Record extracts section start

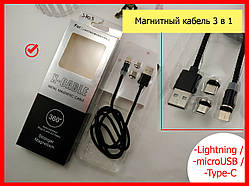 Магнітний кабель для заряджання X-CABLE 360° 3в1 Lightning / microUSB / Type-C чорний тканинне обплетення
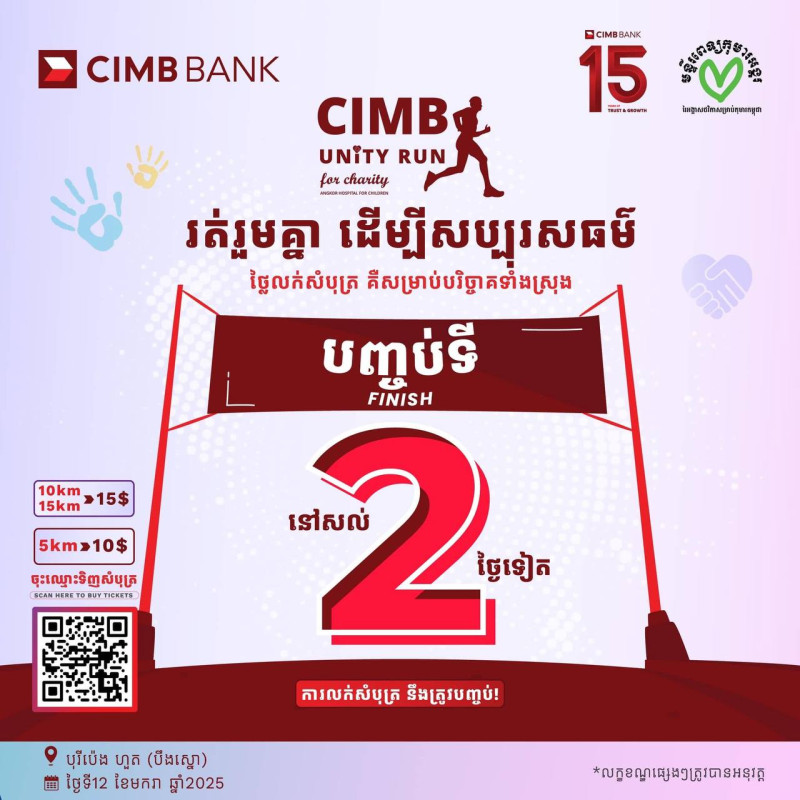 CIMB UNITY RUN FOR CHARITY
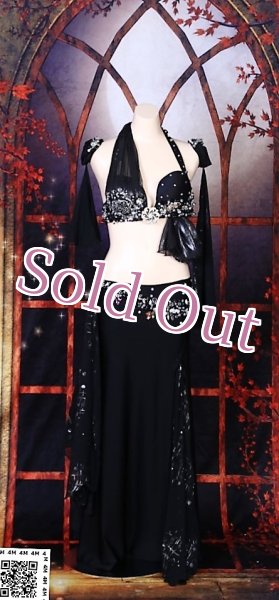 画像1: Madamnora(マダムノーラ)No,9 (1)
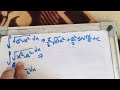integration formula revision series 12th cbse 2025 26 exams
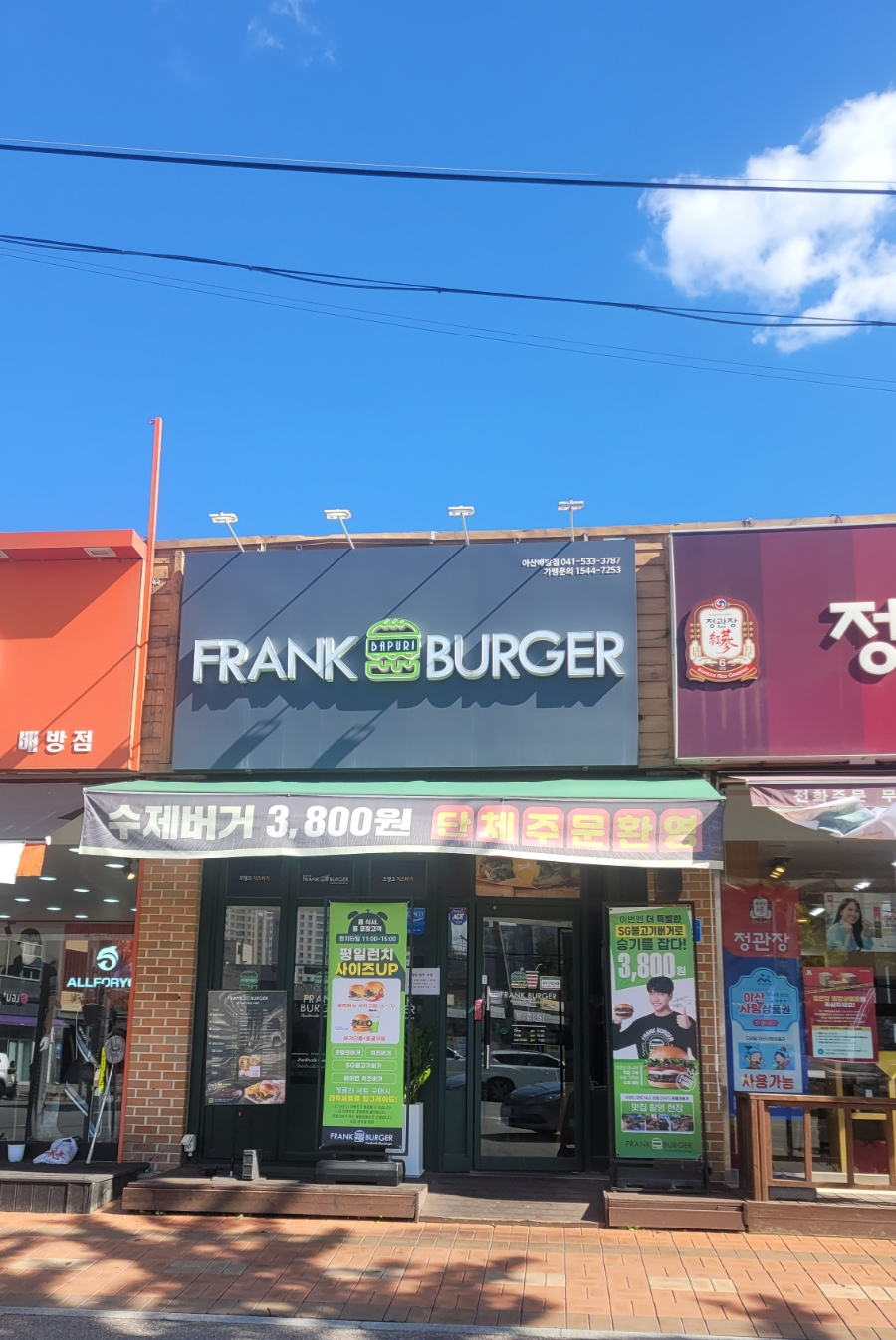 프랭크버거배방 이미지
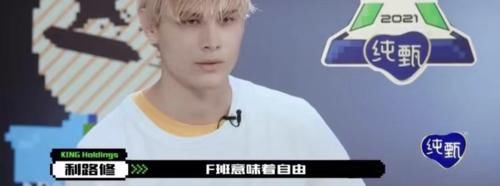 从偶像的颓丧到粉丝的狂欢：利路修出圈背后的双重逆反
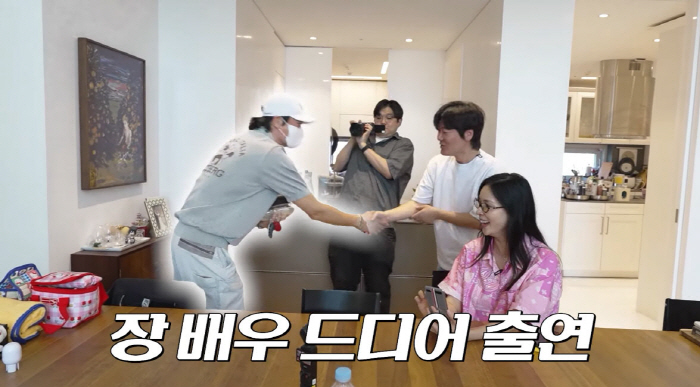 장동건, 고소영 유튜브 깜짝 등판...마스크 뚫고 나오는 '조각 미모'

Record extracts section end

■ **Try it**
Please retype exactly the lines from the one containing "CIMB UNITY RUN FOR CHARITY" to the last line of the records above, both included, without any pictures.

■ **Solution**
 CIMB UNITY RUN FOR CHARITY
 画像1: Madamnora(マダムノーラ)No,9 (1)
integration formula revision series 12th cbse 2025 26 exams
 프랭크버거배방 이미지
 从偶像的颓丧到粉丝的狂欢：利路修出圈背后的双重逆反
 장동건, 고소영 유튜브 깜짝 등판...마스크 뚫고 나오는 '조각 미모'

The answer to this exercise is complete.